=== Begin Enclosure ===

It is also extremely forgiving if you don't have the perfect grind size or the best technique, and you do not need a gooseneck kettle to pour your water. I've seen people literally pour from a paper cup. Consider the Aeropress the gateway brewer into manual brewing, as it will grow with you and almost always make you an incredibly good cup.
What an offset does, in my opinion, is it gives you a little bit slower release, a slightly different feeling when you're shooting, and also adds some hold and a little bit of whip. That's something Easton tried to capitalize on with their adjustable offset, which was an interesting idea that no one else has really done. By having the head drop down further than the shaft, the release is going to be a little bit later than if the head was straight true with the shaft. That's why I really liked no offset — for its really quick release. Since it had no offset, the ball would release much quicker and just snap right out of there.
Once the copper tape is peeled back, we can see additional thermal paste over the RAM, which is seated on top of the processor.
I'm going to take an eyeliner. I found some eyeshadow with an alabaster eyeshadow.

=== End Enclosure ===
=== Begin Enclosure ===

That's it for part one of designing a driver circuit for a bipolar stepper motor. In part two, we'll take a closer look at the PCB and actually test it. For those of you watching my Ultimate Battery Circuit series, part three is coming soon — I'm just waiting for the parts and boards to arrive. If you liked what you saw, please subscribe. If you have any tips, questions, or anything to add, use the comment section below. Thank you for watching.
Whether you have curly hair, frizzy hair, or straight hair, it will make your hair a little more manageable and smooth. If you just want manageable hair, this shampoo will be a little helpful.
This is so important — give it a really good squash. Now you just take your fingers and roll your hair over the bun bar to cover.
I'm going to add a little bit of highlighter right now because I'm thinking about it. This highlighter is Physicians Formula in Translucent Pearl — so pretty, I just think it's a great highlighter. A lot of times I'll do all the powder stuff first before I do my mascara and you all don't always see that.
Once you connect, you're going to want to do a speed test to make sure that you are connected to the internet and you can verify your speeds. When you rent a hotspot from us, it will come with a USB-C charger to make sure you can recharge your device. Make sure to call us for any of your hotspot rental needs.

=== End Enclosure ===

Find the line with "Whether you have" in the entries above. Retype it and each line after it, exactly, through the line with "Once you connect, you're", and stop there.

▶ _Result of the task_
Whether you have curly hair, frizzy hair, or straight hair, it will make your hair a little more manageable and smooth. If you just want manageable hair, this shampoo will be a little helpful.
This is so important — give it a really good squash. Now you just take your fingers and roll your hair over the bun bar to cover.
I'm going to add a little bit of highlighter right now because I'm thinking about it. This highlighter is Physicians Formula in Translucent Pearl — so pretty, I just think it's a great highlighter. A lot of times I'll do all the powder stuff first before I do my mascara and you all don't always see that.
Once you connect, you're going to want to do a speed test to make sure that you are connected to the internet and you can verify your speeds. When you rent a hotspot from us, it will come with a USB-C charger to make sure you can recharge your device. Make sure to call us for any of your hotspot rental needs.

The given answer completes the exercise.